3

Has anyone discussed this particular problem, which may be a subset of Epicurean problems:

  • can death be a good, for putting a stop to pain, even if dead people don't exist?

This seems problematic, even-though I understand how there is less pain in the world when someone in pain dies.

e.g. my own pain seems especially important, if not anymore evil, than pain in general: can that be maintained if there's no longer any me?

  • 1
    well, it might not be universally agreed that you won't exist anymore. but whether you do or not, the physical manifestation of pain as an organic process of the brain will not exist anymore. – robert bristow-johnson Dec 17 '16 at 2:31
  • @robertbristow-johnson i get what you mean, i think my question was unclear. – user6917 Dec 17 '16 at 5:08
  • @robertbristow-johnson. You're assuming that the phenomenal manifestation of pain (as opposed to its physical causes) is also physical. The problem is that no one has a good theory as how that could be possible. The other possibility, which the best of philosophers have all believed, is that we have a soul that carries on after death. – user3017 Dec 17 '16 at 9:06
  • 2
    Augustine, for example, wrote: "How, then, do I seek thee, O Lord? For when I seek thee, my God, I seek a happy life. I will seek thee that my soul may live. For my body lives by my soul, and my soul lives by thee." (Confessions) – user3017 Dec 17 '16 at 10:12
  • i think the issue for me is that being deprived of pleasure or success can more obviously occur before the pleasure is meant to arrive. that pain is something that only counts when we are in pain? – user6917 Jan 9 '17 at 11:30
4
  1. Death is nothing to us; for that which has been dissolved into its elements experiences no sensations, and that which has no sensation is nothing to us.
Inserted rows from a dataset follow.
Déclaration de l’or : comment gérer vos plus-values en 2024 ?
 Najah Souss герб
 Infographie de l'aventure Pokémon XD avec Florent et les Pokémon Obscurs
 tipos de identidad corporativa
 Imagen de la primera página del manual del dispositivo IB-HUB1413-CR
  2. The magnitude of pleasure reaches its limit in the removal of all pain. When such pleasure is present, so long as it is uninterrupted, there is no pain either of body or of mind or of both together.
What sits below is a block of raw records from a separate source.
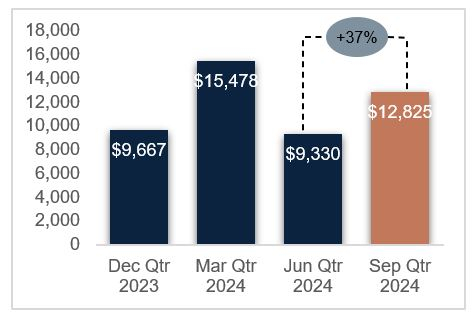 Figure 6 - CSA Mining Development Costs US$/metre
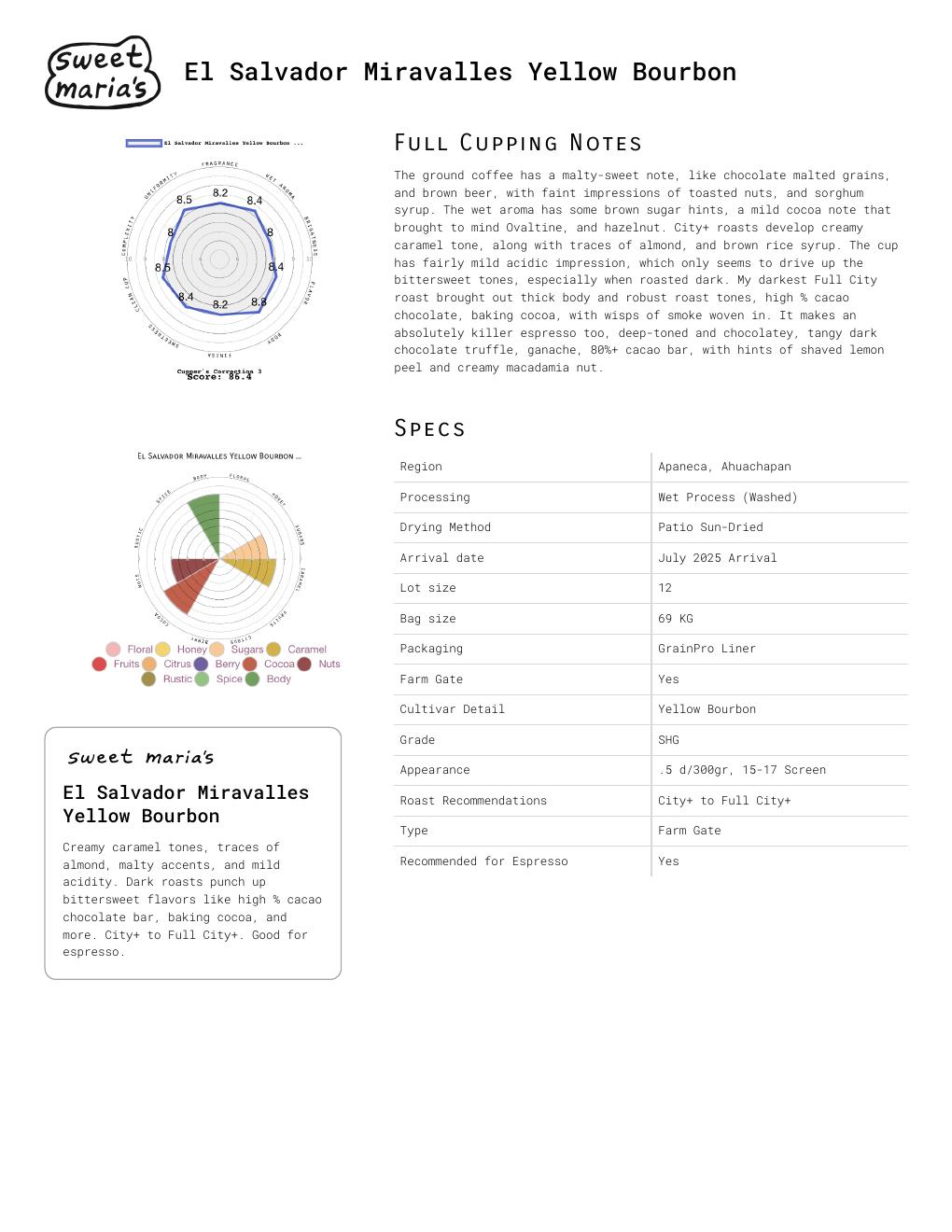 PDF preview for El Salvador Miravalles Yellow Bourbon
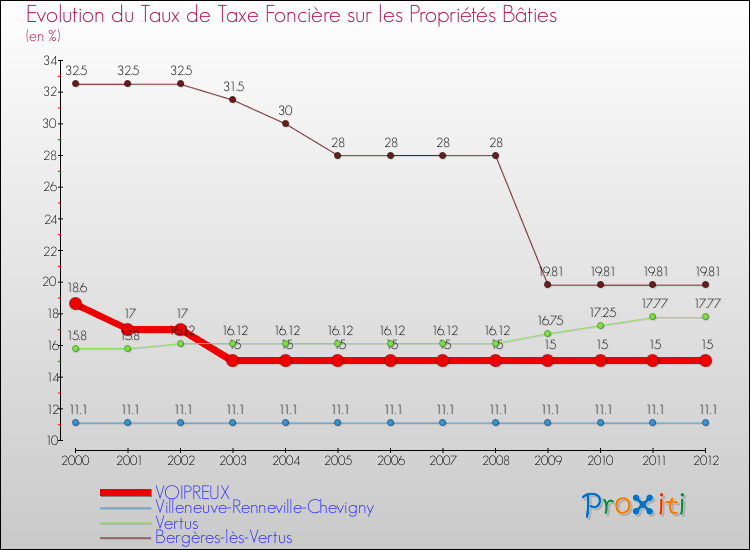 Evolution du taux de la taxe foncière sur le bati pour VOIPREUX et les communes proches de 2000 à 2012 Comparaison des taux de taxe foncière sur le bati pour VOIPREUX et les communes voisines de 2000 à 2012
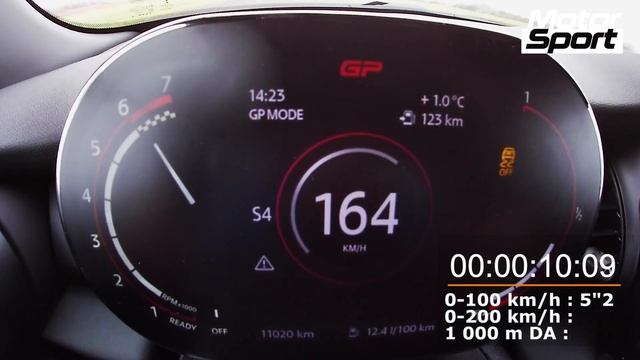 Mini GP3 : awesome 0-240 km/h смотреть онлайн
  3. Continuous bodily pain does not last long; instead, pain, if extreme, is present a very short time, and even that degree of pain which slightly exceeds bodily pleasure does not last for many days at once. Diseases of long duration allow an excess of bodily pleasure over pain.

...and such from Principal Doctrines putatively by Epicurus himself.
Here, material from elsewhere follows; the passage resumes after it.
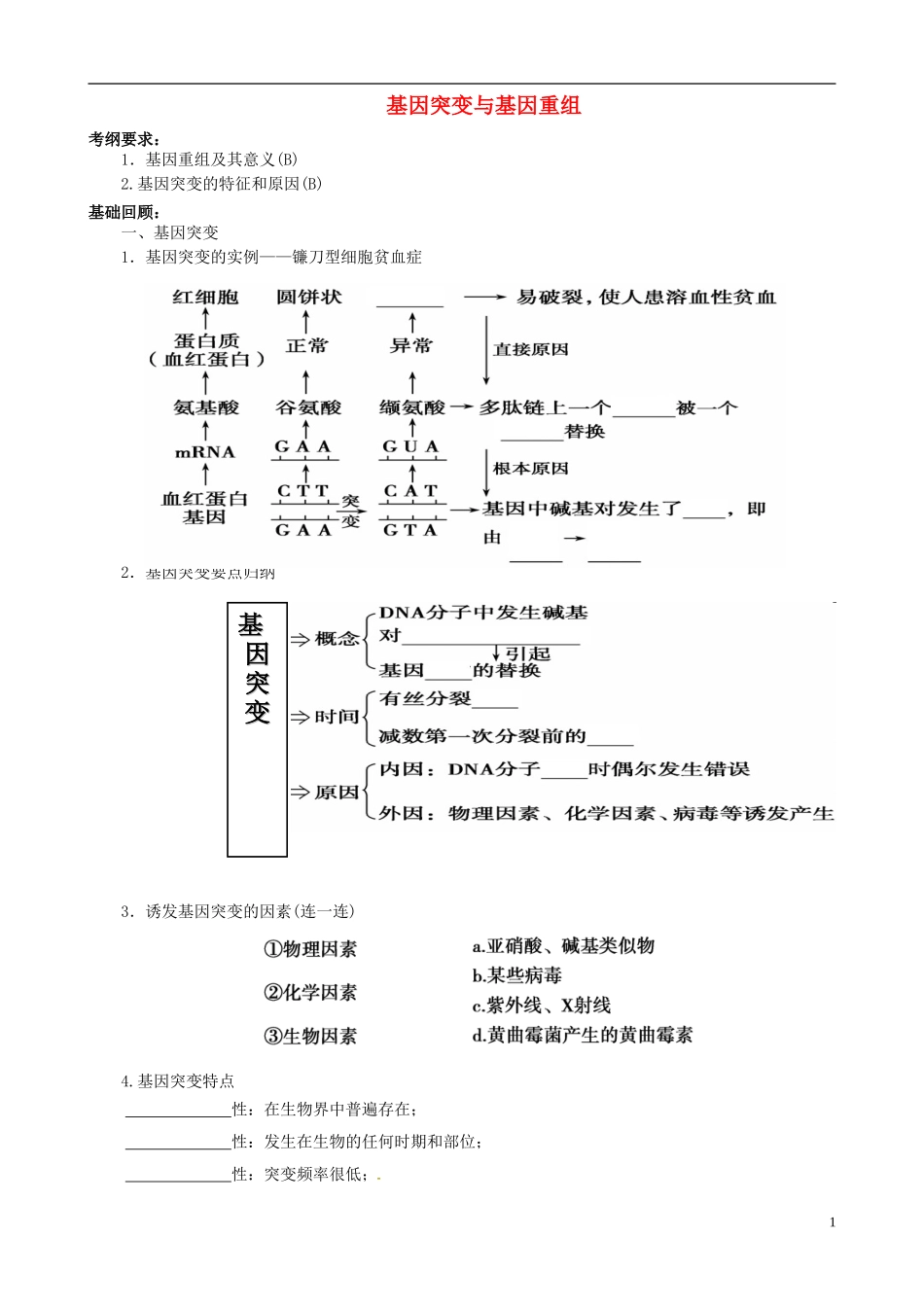 高中生物 5.1 基因突变和基因重组学案 新人教版必修2-新人教版高一必修2生物学案_第1页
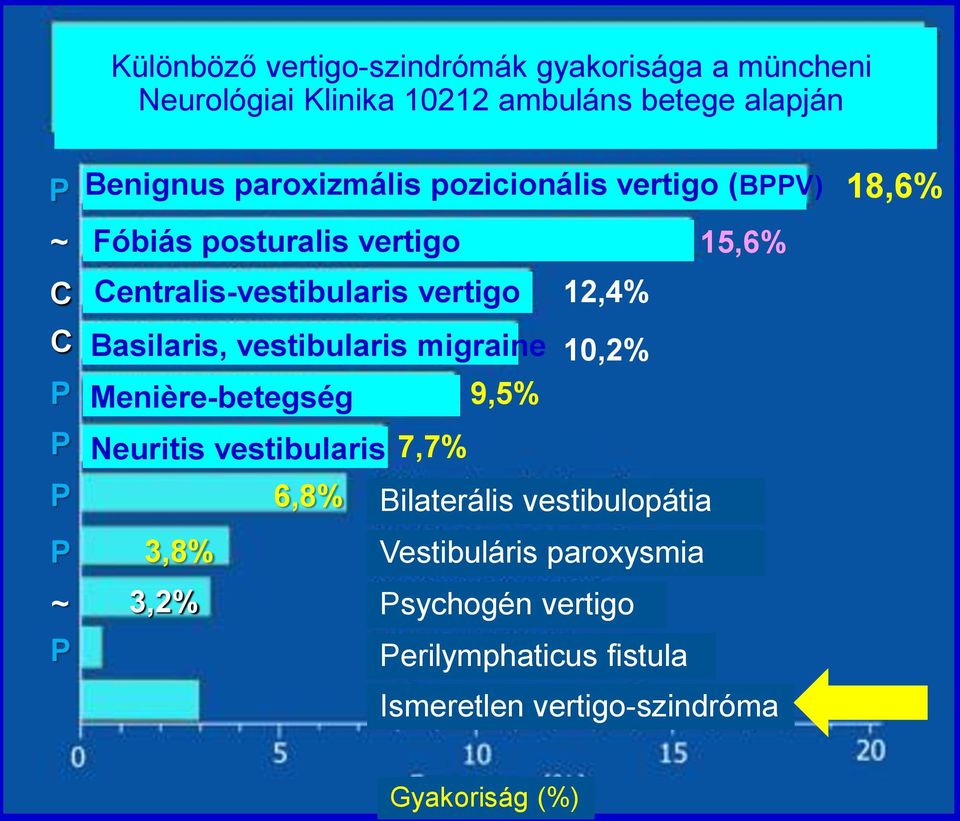 12,4% Basilaris, vestibularis migraine 10,2% Menière-betegség 9,5% Neuritis vestibularis 7,7% 6,8% Bilaterális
You could also check out "The Conquest of Fear and Worry" by John Herman Randall from his 1909 "A New Philosophy of Life"

More recently from the University of Glasgow, there's also Elizabeth Telfer's article, "Philosophical Approaches to the Dilemma of Death with Dignity" which addresses utilitarian and consequentialist positions.

And this dissertation may be what you are looking for: "In Defence of Euthanasia: The Epicurean View of Death" by Andreas J. M. Blom

I would question, however, the notions you mention in your bounty notes that "pain is innately bad" and from the question that pain is "evil" - and this whether "pain" in the sense of physical, emotional, mental pain or what have you. Pain is ontologically subjective. In that sense, consider Searle's distinction of "feeling a pain and engaging in pain behavior", per his recent Ted Talk.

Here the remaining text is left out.